TSMC's advanced 3nm and 5nm process nodes continue to be in hot demand, as cloud and AI applications push into a full-scale explosion, expected to be "100% booked" into 2026, and it's no surprise.

In a new report from Ctee, we're learning from industry insiders who have said TSMC's new 3nm and 5nm production capacity remains fully utilized, with the capacity utilization rate (UTR) projected to hit 100% in the first half of 2026. Multiple big tech companies like Apple, Qualcomm, and MediaTek have fully soaked up TSMC's new 3nm process node, with NVIDIA's next-gen Rubin AI platform in the HPC field also expected to consume a bunch of its production capacity in 2026.
US tech companies have adopted TSMC's new 3nm process node already, with Apple's new M5 family of processors on TSMC's new 3nm node, as well as Qualcomm's new Snapdragon X2 Elite processors, while on the HPC side of things NVIDIA's next-gen Rubin GPU family and AMD's next-gen Instinct MI355X AI accelerator will debut in 2026 on TSMC's new 3nm process node.
TSMC's new 3nm process node has become a major revenue driver for the company, with supply chain sources telling Ctee that TSMC's advanced process nodes below 5nm are becoming a scarce resource, with major tech companies competing ($$$) to invest in the latest wafers.

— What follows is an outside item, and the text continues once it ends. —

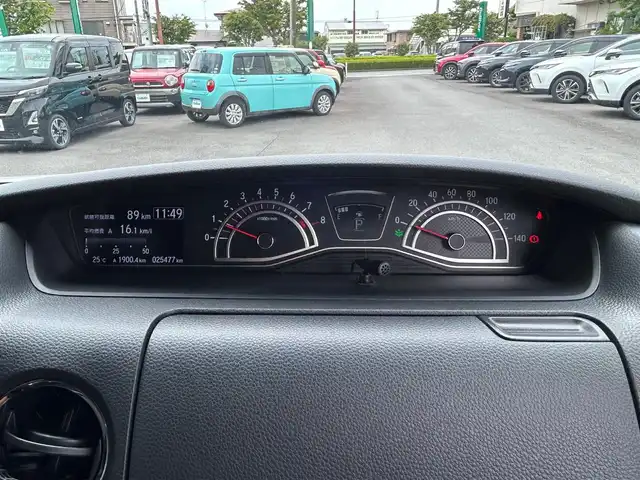 ホンダ Ｎ ＢＯＸ カスタム G EX ホンダセンシング 静岡県 2019(平31)年 2.6万km プラチナホワイトパール エンジンスタートボタン/パワーステアリング/パワーウィンドウ/アイドリングストップ/オートエアコン/スマートキー/クルーズコントロール/純正ETC/バックカメラ/SDナビ(CD.DVD.BT.フルセグ)/ウォークスルー/純正フロアマット/両側パワースライドドア/純正アルミホイール/ABS/横滑り防止装置/コーナーセンサー/レーンキープアシスト/オートライト/LEDライト/W+サイドエアバック/衝突軽減システム/カーテンエアバック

- Read more: TSMC's 5nm, 3nm production lines 'fully loaded' in 1H 2025
- Read more: TSMC price increases for 3nm, 5nm + CoWoS packaging in 2025
- Read more: TSMC to make $31 billion in 9 months from its 3nm and 5nm process nodes alone
Based on the current order outlook from industry players, TSMC should be close to full capacity in 1H 2026, which will see the semiconductor dominator confidently raising prices of its latest nodes, something we've been hearing in rumors for a while now. 3nm and 5nm chips are expected to get price increases from TSMC of between 5-10%, while CoWoS advanced packaging prices are expected to go up 15-20% or so.